*Exercise directions*
Omit every picture. Return all other data as it stands.

*Dataset content*
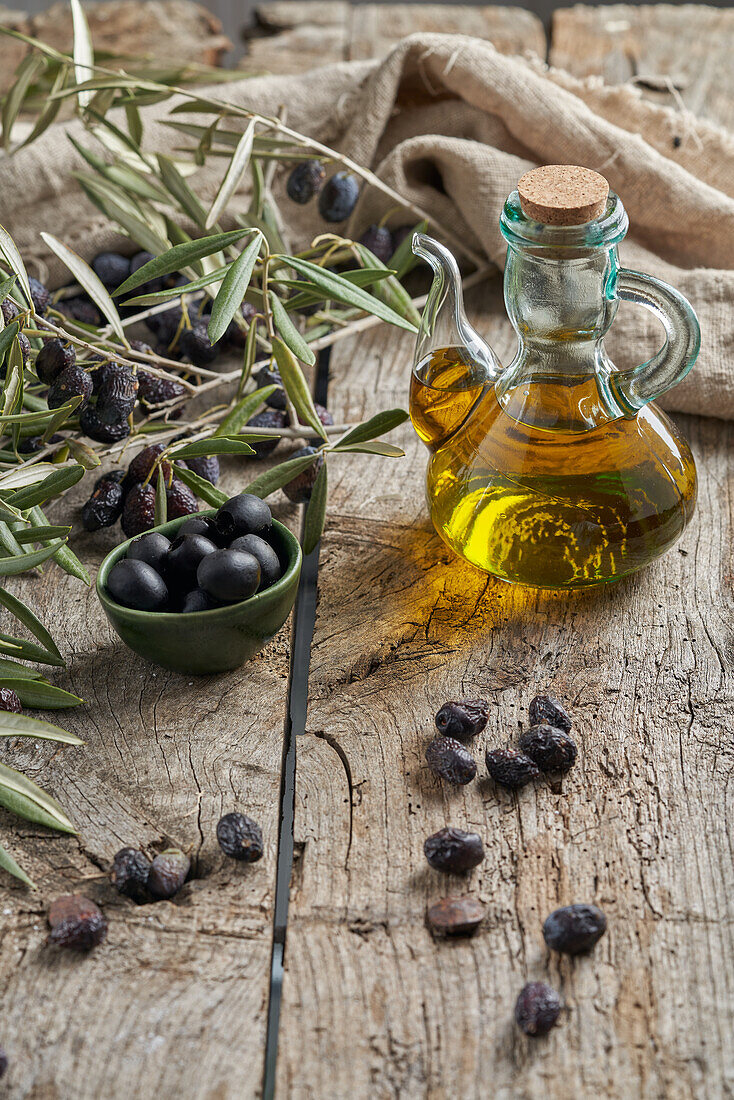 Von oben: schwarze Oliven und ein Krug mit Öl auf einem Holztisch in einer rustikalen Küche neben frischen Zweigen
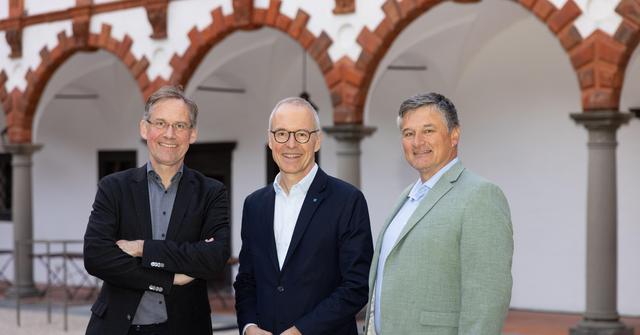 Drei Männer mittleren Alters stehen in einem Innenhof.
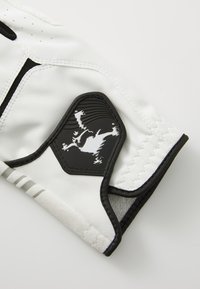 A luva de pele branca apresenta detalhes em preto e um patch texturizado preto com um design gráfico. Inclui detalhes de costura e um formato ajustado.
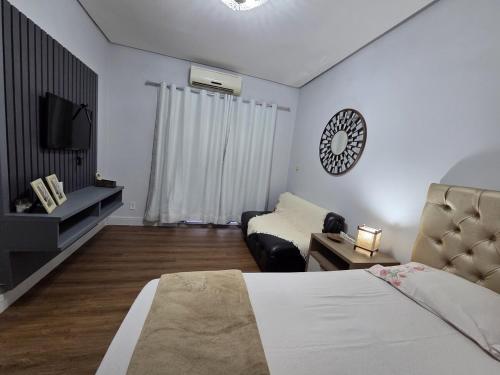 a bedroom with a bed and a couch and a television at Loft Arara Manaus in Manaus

*Response area*
 Von oben: schwarze Oliven und ein Krug mit Öl auf einem Holztisch in einer rustikalen Küche neben frischen Zweigen
 Drei Männer mittleren Alters stehen in einem Innenhof.
 A luva de pele branca apresenta detalhes em preto e um patch texturizado preto com um design gráfico. Inclui detalhes de costura e um formato ajustado.
 a bedroom with a bed and a couch and a television at Loft Arara Manaus in Manaus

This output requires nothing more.